The leftovers, elements of the food that can’t be solubilized plus some remaining liquids, are passed into the large intestine. There, water and the vital mineral salts dissolved in that water, are extracted and absorbed into the blood stream through thin permeable membranes. Mucous is also secreted in the large intestine to facilitate passage of the dryish remains. This is an effort. (Intestinal mucous can become a route of secondary elimination, especially during fasting. While fasting, it is essential to take steps to expel toxic mucous in the colon before the poisons are re adsorbed.) The final residue, now called fecal matter, is squeezed along the length of the large intestines and passes out the rectum.
If all the digestive processes have been efficient there now are an abundance of soluble nutrients for the blood stream to distribute to hungry cells throughout the body. It is important to understand the process at least on the level of oversimplification just presented in order to begin to understand better how health is lost or regained through eating, digestion, and elimination. And most importantly, through not eating.
How Fasting Heals
Its an old hygienic maxim that the doctor does not heal, the medicines do not heal, only the body heals itself. If the body can’t heal then nothing can heal it. The body always knows best what it needs and what to do.
But healing means repairing damaged organs and tissues and this takes energy, while a sick body is already enervated, weakened and not coping with its current stressors. If the sick person could but somehow increase the body’s energy resources sufficiently, then a slowly healing body could heal faster while a worsening one, or one that was failing or one that was not getting better might heal.

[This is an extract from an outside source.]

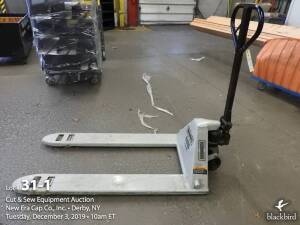 Roughneck gray pallet jack, 4400 lbs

Fasting does just that. To whatever degree food intake is reduced the body’s digestive workload is proportionately reduced and it will naturally, and far more intelligently than any physician could order, redirect energy to wherever it decides that energy is most needed. A fasting body begins accessing nutritional reserves (vitamins and minerals) previously stored in the tissues and starts converting body fat into sugar for energy fuel. During a time of water fasting, sustaining the body’s entire energy and nutritional needs from reserves and fat does require a small effort, but far less effort than eating. I would guess a fasting body used about five percent of its normal daily energy budget on nutritional concerns rather than the 33 percent it needs to process new food. Thus, water fasting puts something like 28 percent more energy at the body’s disposal. This is true even though the water faster may feel weak, energyless.